WASHINGTON -- The Energy Department's outgoing Yucca Mountain project chief is confident the nuclear waste repository will open, but she said Congress has to allocate enough money first.
When Margaret Chu, director of the Office of Civilian Radioactive Waste Management, resigned Friday, her farewell e-mail to employees included a line about her confidence that used nuclear fuel will be put inside Yucca, she told the National Association of Regulatory Utility Commissioners conference on Monday. She said this was not just a line, but her true feeling.
"It has to succeed," Chu told the commissioners. "I think this organization has made a lot of progress in the past few years."
Chu said she considers putting John Arthur as Yucca Mountain project deputy director and creating a more organized management team her "legacy."
"I can say that with a straight face," she said. "The operations are better."
She said she had two goals when taking on her position, to create a stronger organization and hand in the project's license application.
A federal court ruling last year that threw out a Environmental Protection Agency radiation standard and regulatory and budget problems made the Energy Department miss the deadline to file an application for a construction license, but she said she did not have much control over that. The department plans to submit a license application for the proposed nuclear waste repository at Yucca, 90 miles northwest of Las Vegas, by the end of this year.
Chu said if the Environmental Protection Agency establishes a new standard quickly, it will not affect the program much, but if the agency takes a long time to set a new standard it will push it farther off track. She expects the repository will not open until 2012, rather than 2010 as the department had planned for decades.
Chu expects to stay through Feb. 25 before returning to New Mexico, but she said she has no plans on what she will do next. She had been planning to leave for six months and she said most people knew she had planned to stay for only one term. She said she was, overall, quite pleased with her time heading up the program.
"It's a daunting, difficult program," Chu said.
The biggest obstacle the project still faces is the budget, she said.
"It takes a lot of money to build and operate a nuclear repository," Chu said.
She believes Congress will eventually pass a change to budget rules that would allow fees paid for nuclear power users for the repository to go directly toward the program without affecting other federal programs. Under current rules, lawmakers who want to fund Yucca have to take money away from other projects in the energy and water spending bill.

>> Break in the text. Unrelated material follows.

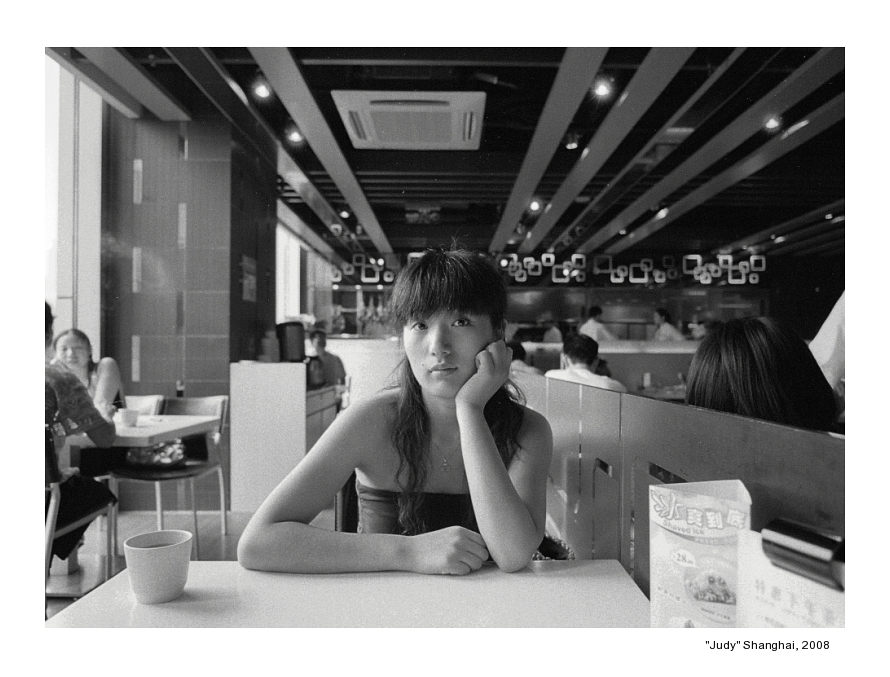 Judy - Shanghai, August 2008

Chu said it does not take a lot of explanation to Congress for why it should change the rules and it will only be a matter of time before it is done, although she would want to see it ready for the fiscal year 2007 budget.
Meanwhile, the state utility commissioners for the last two days have been discussing their frustration with nuclear power users paying for a repository they have yet to see, while nuclear companies have to pay to store used fuel at their nuclear power plants.
The department was supposed to take the waste in 1998. Congress has shortchanged the project $1 billion below the department's requests over the past decade while $16 billion sits in the fund waiting to be spent.
Don Keskey, an attorney with Michigan law firm Clark Hill, said state regulators should create separate accounts for ratepayer money owed to the fund and hold onto it rather than sending it to Washington.
But Jay Silberg, an attorney with Washington, D.C., law firm Shaw Pittman, advised against opening separate accounts because it could violate a contract created under federal law with the department and put a nuclear power plant's operating license on the line.
Another option, discussed Sunday, was to pull the Yucca project from the department completely and create a separate government corporation tasked solely with building the repository.